#### Task statement:
Exact transcription, pictures omitted: begin at the top line of the records below and end with the line bearing "Ensemble de sport".

#### Exercise input:
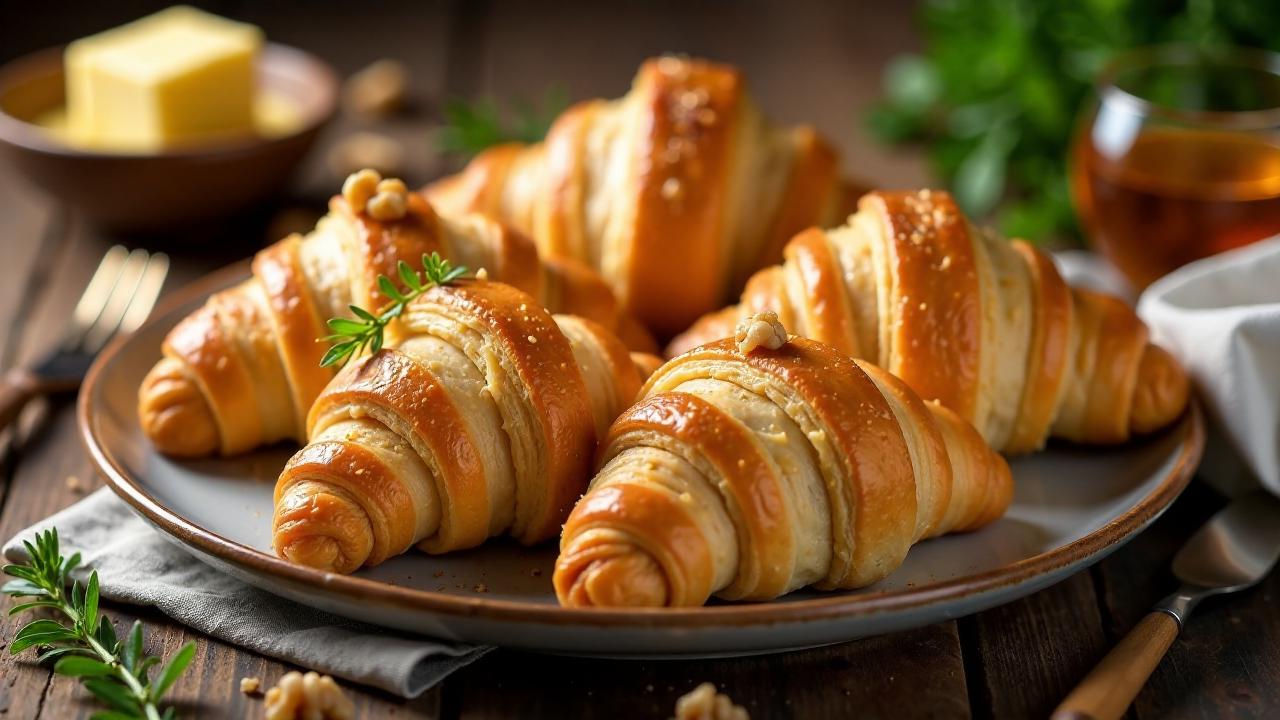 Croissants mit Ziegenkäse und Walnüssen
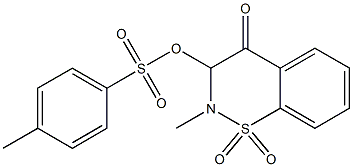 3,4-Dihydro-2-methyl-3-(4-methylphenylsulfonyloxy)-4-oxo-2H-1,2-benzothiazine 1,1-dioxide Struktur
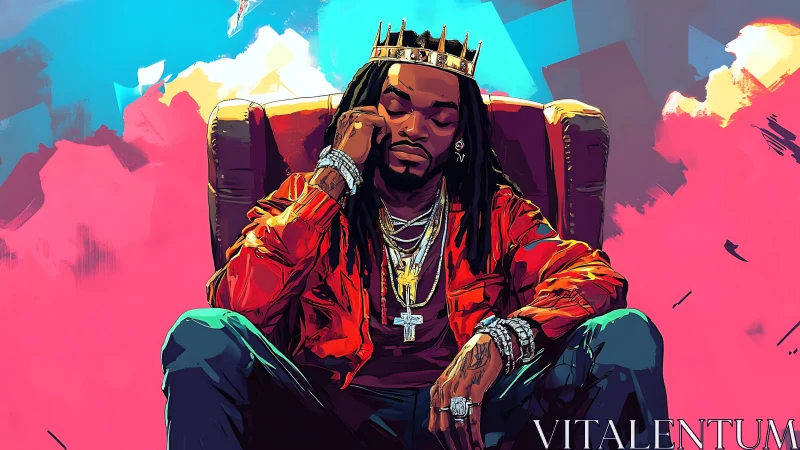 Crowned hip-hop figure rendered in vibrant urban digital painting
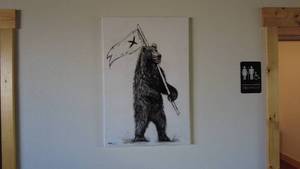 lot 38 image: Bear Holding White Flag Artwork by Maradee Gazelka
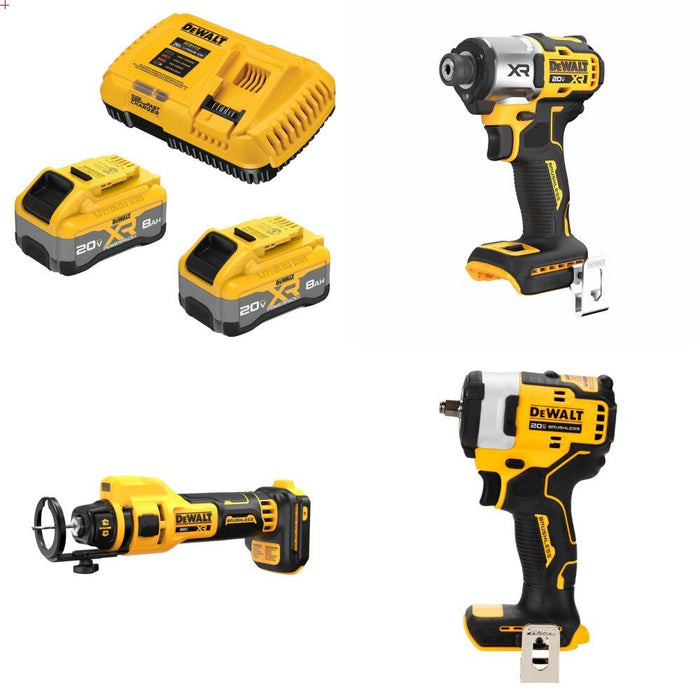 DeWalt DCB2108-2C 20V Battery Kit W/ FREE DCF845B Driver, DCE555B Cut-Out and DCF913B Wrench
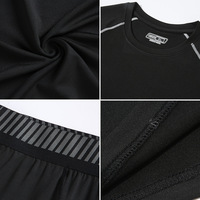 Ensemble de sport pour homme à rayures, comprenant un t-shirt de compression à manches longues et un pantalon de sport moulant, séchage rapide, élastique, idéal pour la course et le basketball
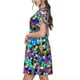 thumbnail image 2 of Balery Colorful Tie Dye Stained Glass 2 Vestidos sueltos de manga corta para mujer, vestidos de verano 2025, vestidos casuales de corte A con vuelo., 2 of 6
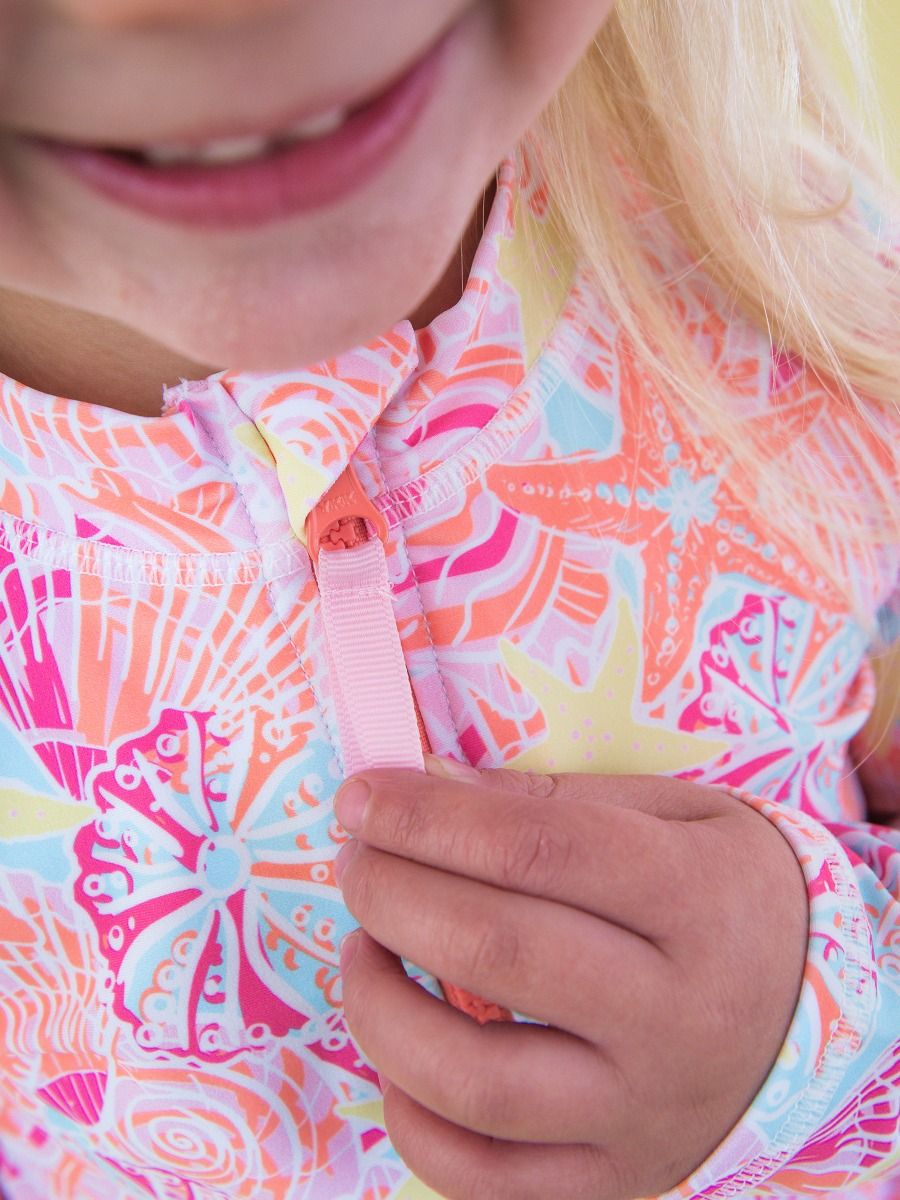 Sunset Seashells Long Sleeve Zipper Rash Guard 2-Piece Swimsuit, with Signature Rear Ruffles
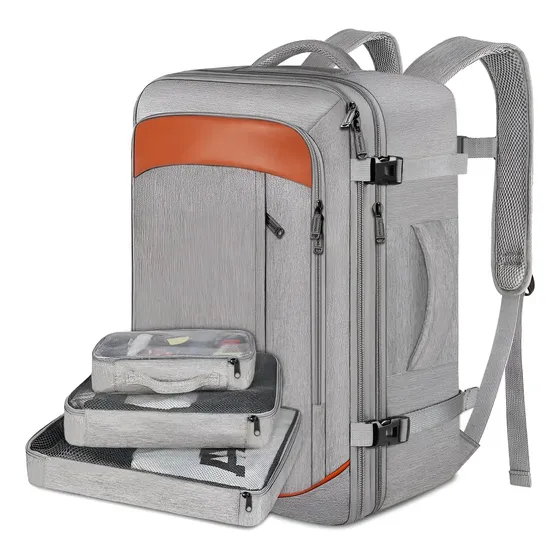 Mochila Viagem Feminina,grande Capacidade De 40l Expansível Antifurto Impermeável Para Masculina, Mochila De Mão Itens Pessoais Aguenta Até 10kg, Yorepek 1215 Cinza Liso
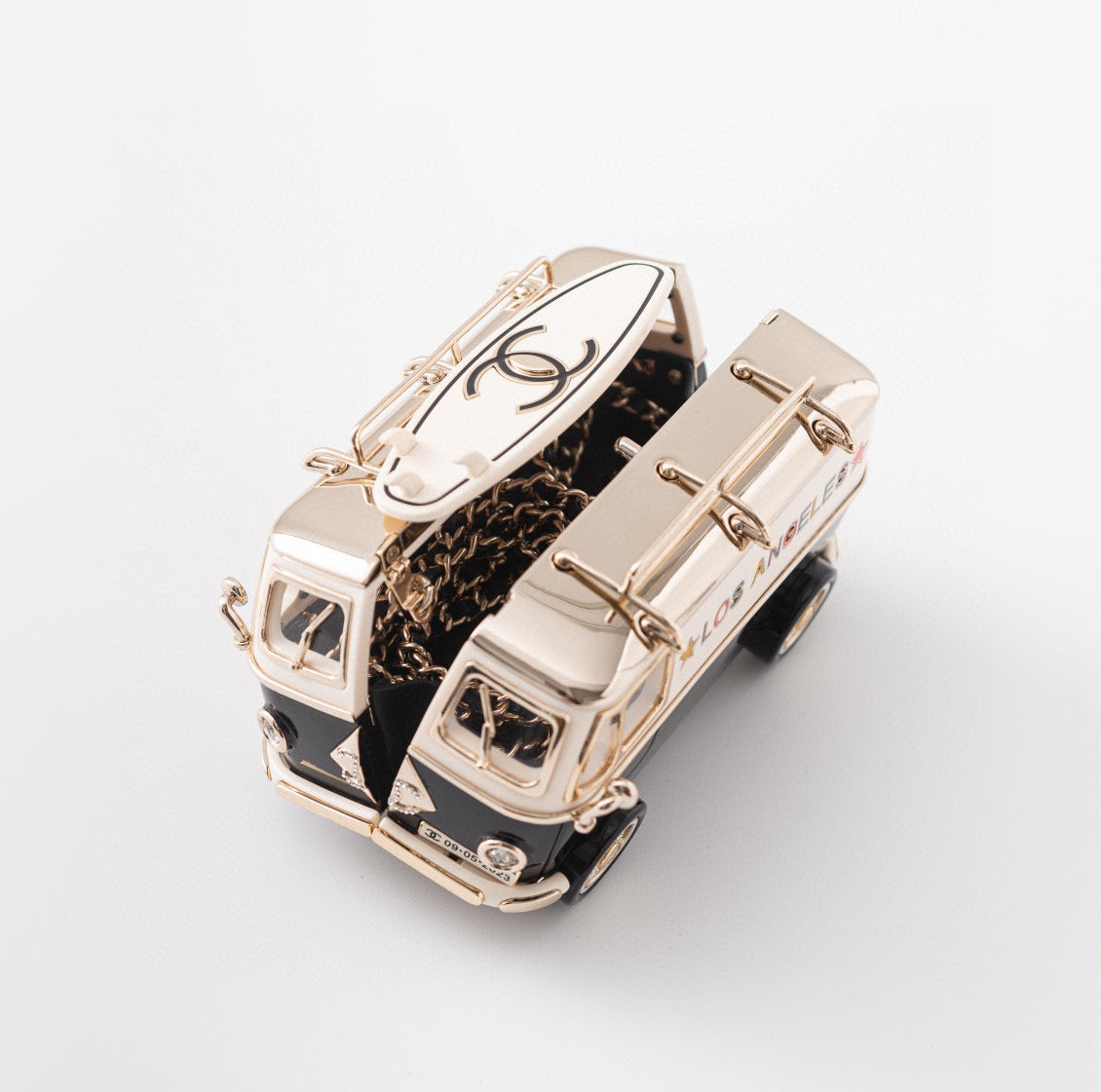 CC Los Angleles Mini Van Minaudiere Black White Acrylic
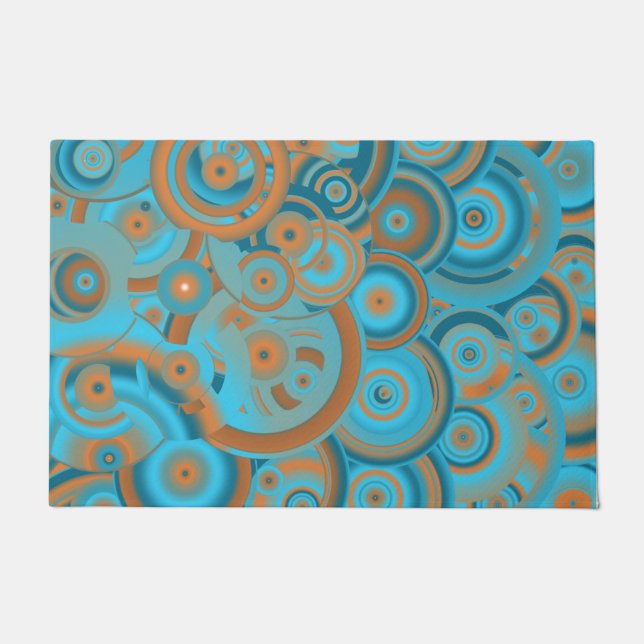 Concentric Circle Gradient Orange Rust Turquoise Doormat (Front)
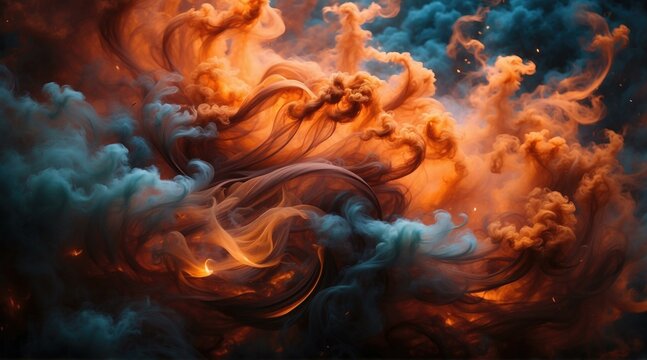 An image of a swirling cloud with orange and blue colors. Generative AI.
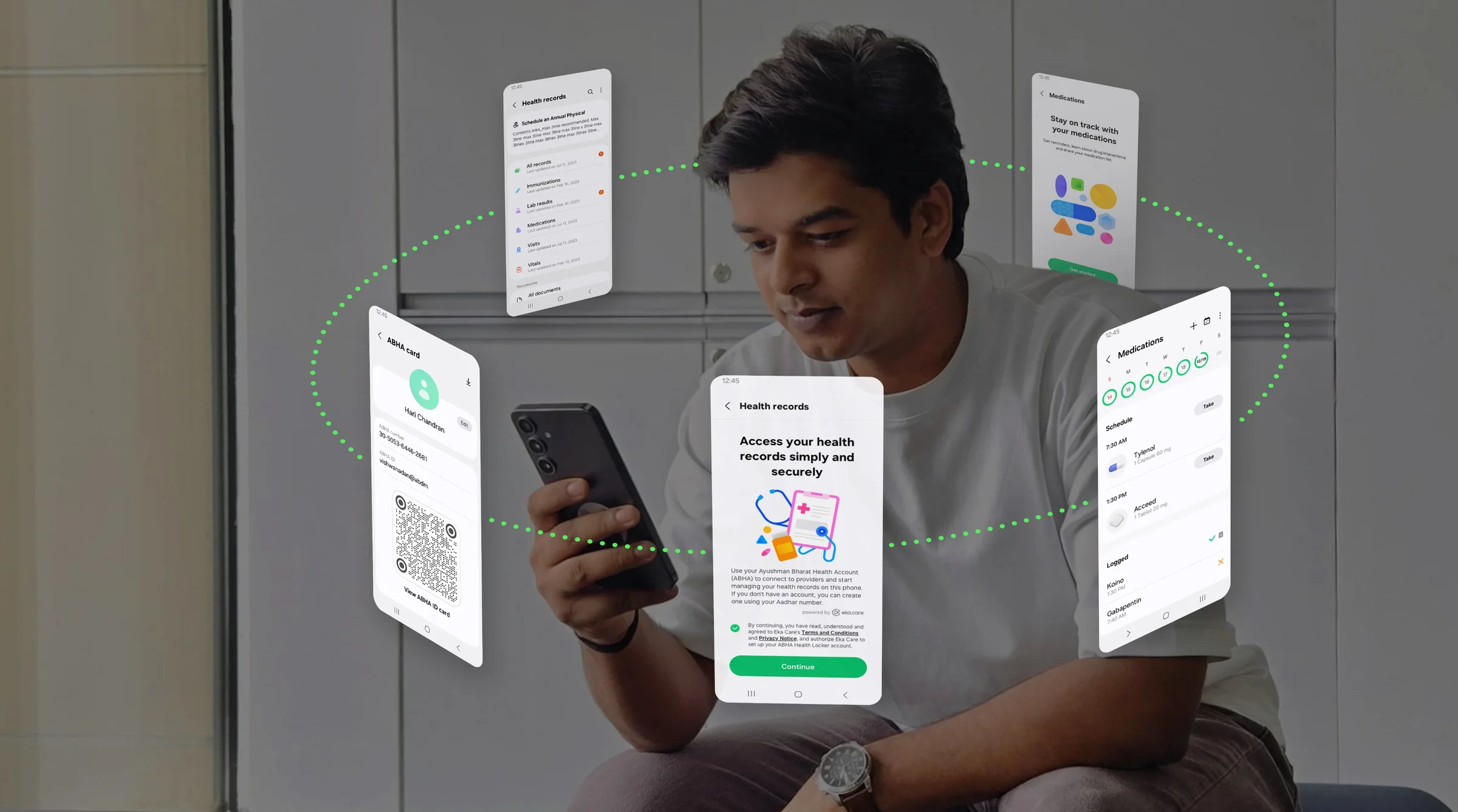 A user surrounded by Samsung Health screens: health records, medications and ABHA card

#### Response to the task:
 Croissants mit Ziegenkäse und Walnüssen
 3,4-Dihydro-2-methyl-3-(4-methylphenylsulfonyloxy)-4-oxo-2H-1,2-benzothiazine 1,1-dioxide Struktur
 Crowned hip-hop figure rendered in vibrant urban digital painting
 lot 38 image: Bear Holding White Flag Artwork by Maradee Gazelka
 DeWalt DCB2108-2C 20V Battery Kit W/ FREE DCF845B Driver, DCE555B Cut-Out and DCF913B Wrench
 Ensemble de sport pour homme à rayures, comprenant un t-shirt de compression à manches longues et un pantalon de sport moulant, séchage rapide, élastique, idéal pour la course et le basketball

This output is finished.